For this exercise, retype all the data exactly and exclude every image.

★ ★ ★ ★ ★

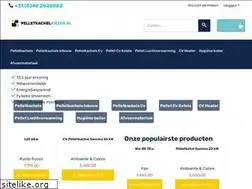 Sites similar to houtkachelkeuze.nl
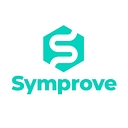 Favicon of Symprove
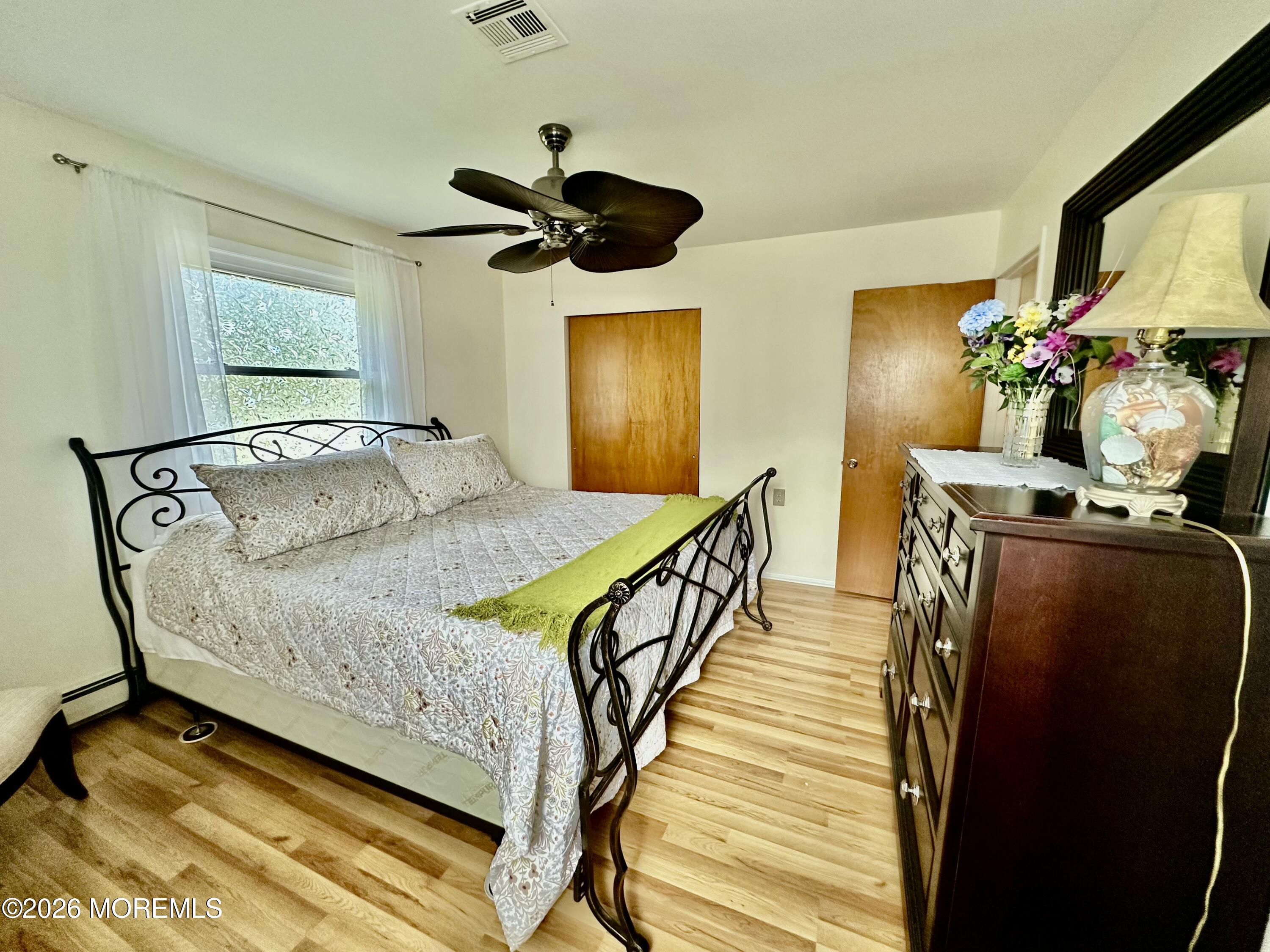 10 Biscayne Street Toms River NJ 08757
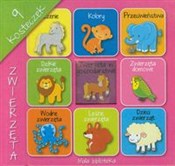 Mała bibli... -  Polish Bookstore 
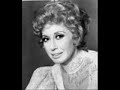 Sills - \"My self I Shall adore\" (Semele, Handel)
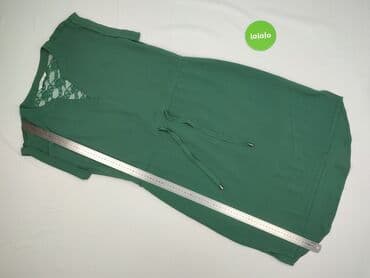 Komplety dresowe: ONLY, Sukienka damska, rozmiar M — 3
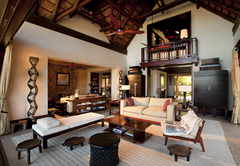 Letlapa Lodge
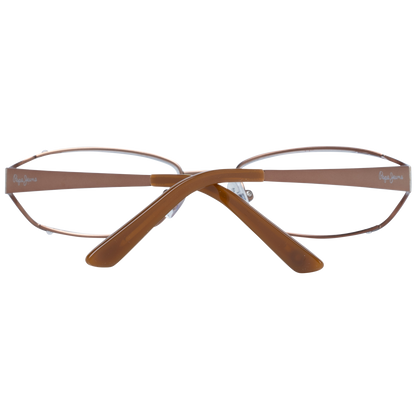 PEPE JEANS EYEWEAR PJ2029 46C1 Sonnenbrille ansicht-2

★ ★ ★ ★ ★

▶ _Result_
 Sites similar to houtkachelkeuze.nl
 Favicon of Symprove
 10 Biscayne Street Toms River NJ 08757
 Mała bibli... -  Polish Bookstore 
 Sills - \"My self I Shall adore\" (Semele, Handel)
 Komplety dresowe: ONLY, Sukienka damska, rozmiar M — 3
 Letlapa Lodge
 PEPE JEANS EYEWEAR PJ2029 46C1 Sonnenbrille ansicht-2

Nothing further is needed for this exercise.